The first week of November was originally going to involve a bunch of gigs in Belgium, but these were reduced to one gig, basically, largely because of a cancelation campaign going on against the person who was going to be the organizer of the tour.

Gigs we then had in Scandinavia went OK, but many had smaller crowds than they normally would have.  There are always many possible explanations for this phenomenon, but I'm sure restrictions to my Facebook account played a role, and I'm pretty sure the cancelation campaigning around my name online plays a role as well, even there.

One indication of that phenomenon at work in Scandinavia was the unexpected cancelation of our gig in Gothenburg.  It did end up happening, in a different venue -- the Gaza encampment at the university, the last in Europe, which was ended by the authorities there a week later.

Originally, however, it was to happen at the Syndicalist Forum.  Then the Syndicalist Forum was informed by the usual trolls -- about whom they were warned in advance -- that I'm a bad guy.  Unusually for Scandinavian leftists, they believed this nonsense, and then canceled the gig, last-minute, with no offer to compensate me for my losses.  An altogether un-Scandinavian occurrence, and I suspect there's an American involved, but whatever, a gig cancelation resulting from online trolling happened in Scandinavia, too, for the first time, in November, 2024.

While we were traveling through Scandinavia we also listened to an audiobook.  This time Betty Medsger's book, The Burglary, about the Citizens' Commission to Investigate the FBI, and their raid on the FBI offices in Media, Pennsylvania in 1971 that revealed Cointelpro to the world.

As with Invisible Rulers, The Burglary represented some useful hours spent listening and talking and thinking about the sorts of infiltration, dirty tricks, and disinformation the FBI has been engaged in on such a massive scale, mainly targeting the American left, since its inception as a secret police agency.

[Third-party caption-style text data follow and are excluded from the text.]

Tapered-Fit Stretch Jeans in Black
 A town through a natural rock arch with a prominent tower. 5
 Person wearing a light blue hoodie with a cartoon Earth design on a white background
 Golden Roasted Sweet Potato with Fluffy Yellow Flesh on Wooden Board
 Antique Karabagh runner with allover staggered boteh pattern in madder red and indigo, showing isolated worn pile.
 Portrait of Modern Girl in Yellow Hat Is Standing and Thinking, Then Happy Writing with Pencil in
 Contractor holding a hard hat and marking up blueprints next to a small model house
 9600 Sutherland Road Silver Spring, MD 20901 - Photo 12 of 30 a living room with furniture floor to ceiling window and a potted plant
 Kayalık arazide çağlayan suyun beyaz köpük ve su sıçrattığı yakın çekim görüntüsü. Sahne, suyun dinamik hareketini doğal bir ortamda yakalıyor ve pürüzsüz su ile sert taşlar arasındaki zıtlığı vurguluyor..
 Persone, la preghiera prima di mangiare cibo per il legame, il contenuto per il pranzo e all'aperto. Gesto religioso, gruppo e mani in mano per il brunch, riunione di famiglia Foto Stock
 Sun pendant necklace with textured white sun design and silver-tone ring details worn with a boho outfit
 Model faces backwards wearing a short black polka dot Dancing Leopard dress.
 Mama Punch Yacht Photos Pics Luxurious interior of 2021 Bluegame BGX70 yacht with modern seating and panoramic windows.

Both books provoked a lot of thought and discussion about how I'm being targeted by what appear to be the same sorts of troll farms DiResta describes, and the same sorts of underhanded tactics aimed at character assassination long practiced by the FBI that Medsger illuminated.

At the beginning of December I learned that the QR codes I had used for printing lots of stickers related to Gaza no longer functioned.  And contrary to what the QR code corporation claimed on their website, even with a paid account, I was told the codes could not be resuscitated.

At the beginning of December I also received my personalized version of #SpotifyWrapped, like all the other artists and listeners on the platform do.  In all the detailed accounting of how many times different albums were streamed in 2024, who listened to them, how often they shared them, etc., Notes from a Holocaust had been disappeared from existence, not even registering in the end-of-the-year statistics, as if it had never been there, despite having been the album that was most-listened-to of the ones that came out in 2024.

Spotify has a Beta feature where you can pick a particular track for them to insert into people's song recommendations more often.  You make even less money on that one, but it gets heard more.  It's Payola, as they once would have called it, but I somehow got signed up for this program, and there seems to be no way to get off of it once you're in it.  So I pick a song or two for extra play every month, and every month for most of 2024 it was "Famine and Disease," about the UN's prediction that this was where Gaza was heading if things went as badly as they were going in November, 2023.

Things went that badly, as many predicted they would, and now the UN is just on the cusp of declaring the north of Gaza to be in an actual state of famine.

The studio recording of "Famine and Disease" that many people heard on Spotify in 2024, however, no longer exists.  Just the famine itself.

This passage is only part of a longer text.